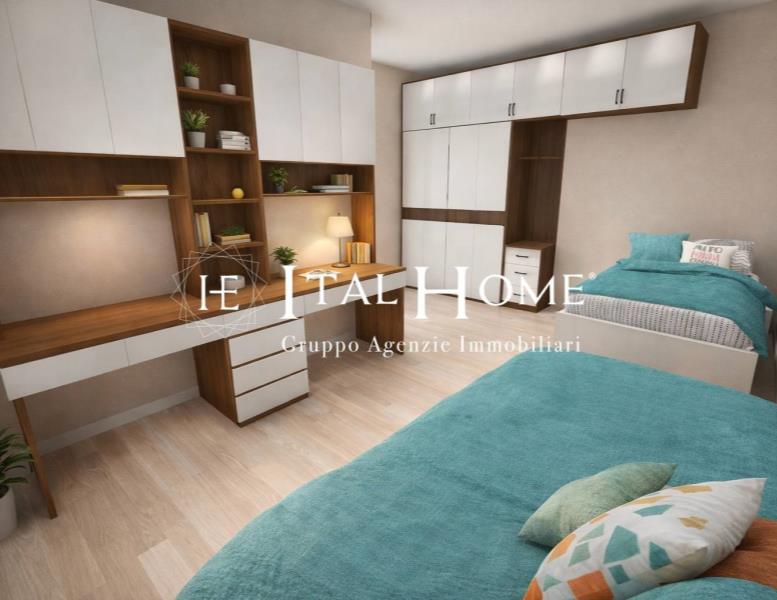 immagine annuncio 5 di 11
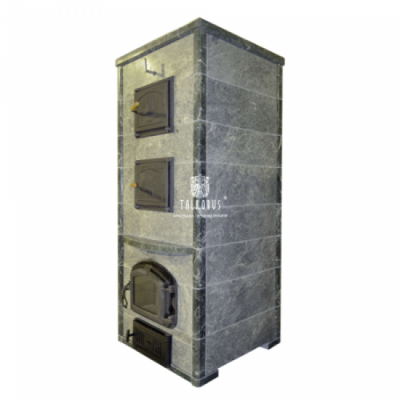 Теплонакопительная облицовка Talkorus Русская парная ТС/03 1980/50 для банной печи Джеймс Ларкин Технолоджи Теплонакопительная облицовка Talkorus Русская парная ТС/03 1980/50 для банной печи Джеймс Ларкин Технолоджи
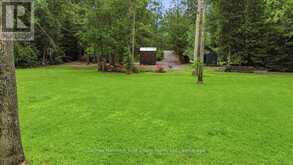 888 BRONSON RAPIDS ROAD | Stirling-Rawdon Ontario | Slide Image Three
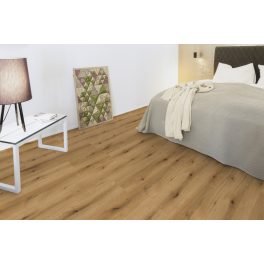 Natural Touch laminált padló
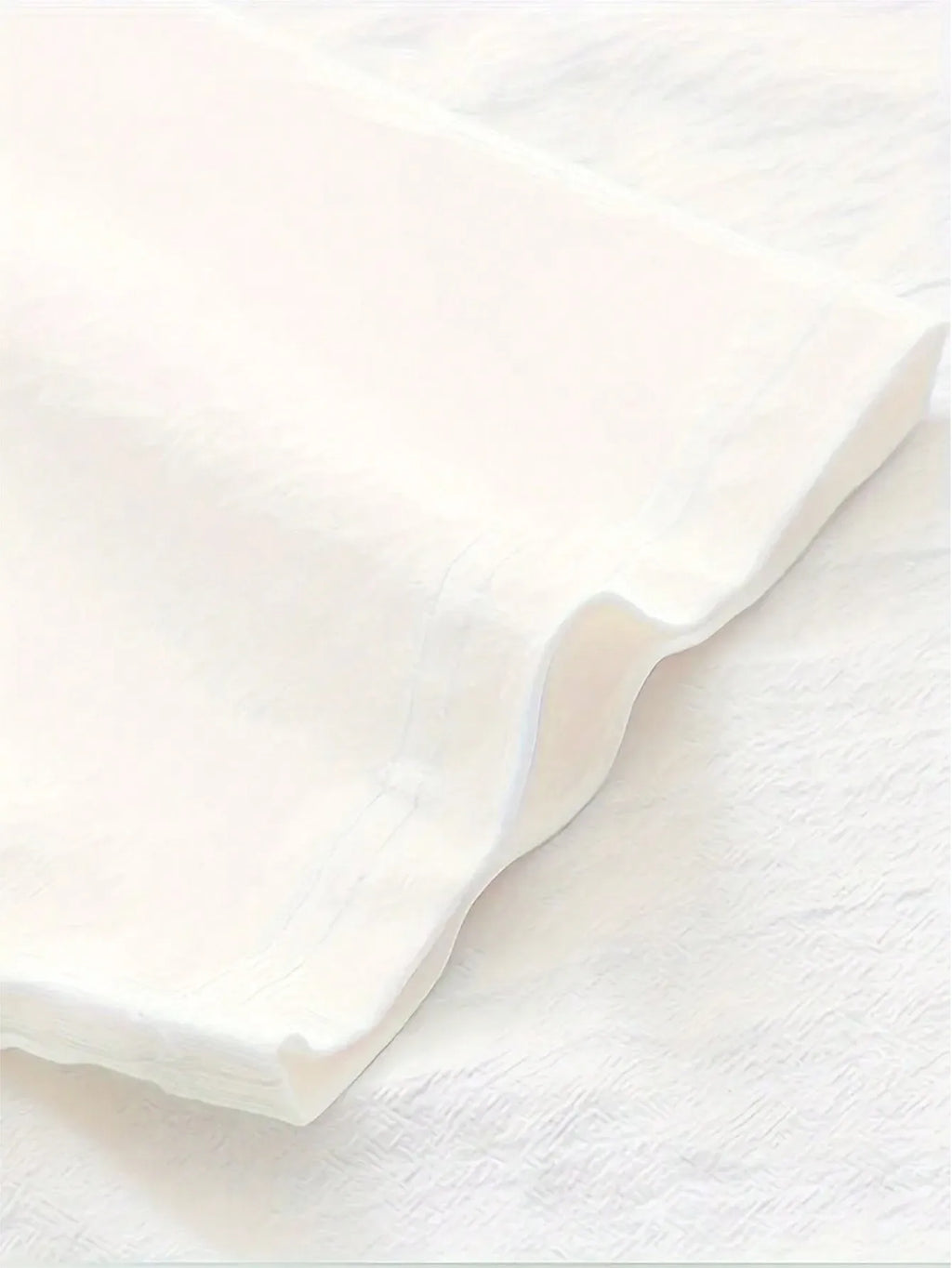 T-shirt à manches courtes Léopard Cherry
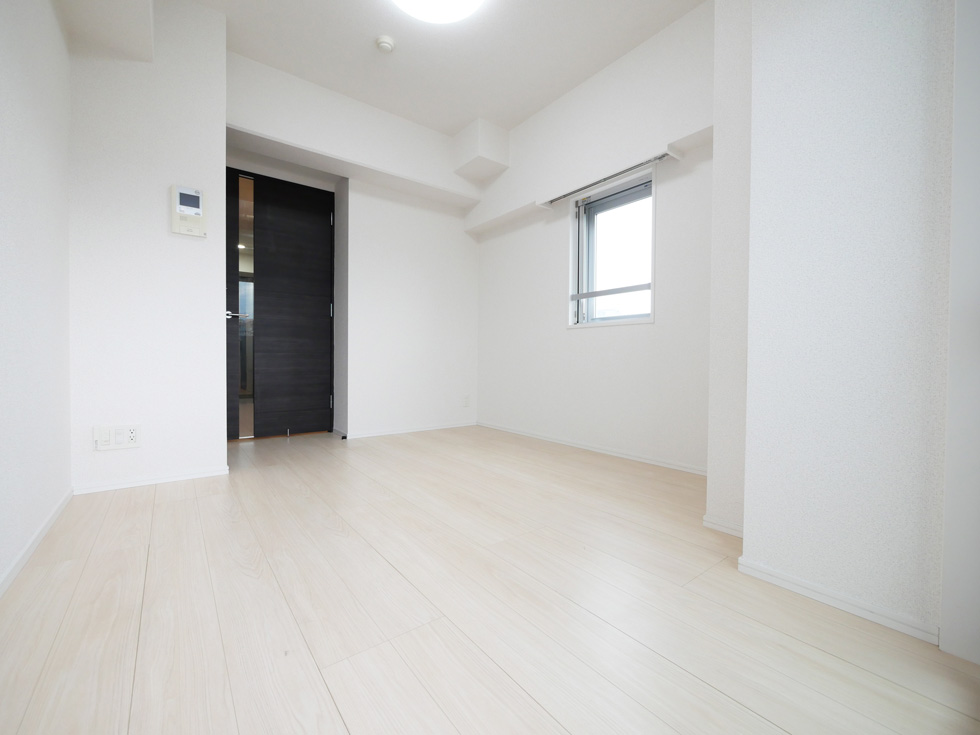 プレミアムキューブ横浜反町502号室 同建物別部屋の参考画像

▸ **TASK**
Copy out the records exactly; the pictures stay behind.

▸ **ANSWER**
 immagine annuncio 5 di 11
 Теплонакопительная облицовка Talkorus Русская парная ТС/03 1980/50 для банной печи Джеймс Ларкин Технолоджи Теплонакопительная облицовка Talkorus Русская парная ТС/03 1980/50 для банной печи Джеймс Ларкин Технолоджи
 888 BRONSON RAPIDS ROAD | Stirling-Rawdon Ontario | Slide Image Three
 Natural Touch laminált padló
 T-shirt à manches courtes Léopard Cherry
 プレミアムキューブ横浜反町502号室 同建物別部屋の参考画像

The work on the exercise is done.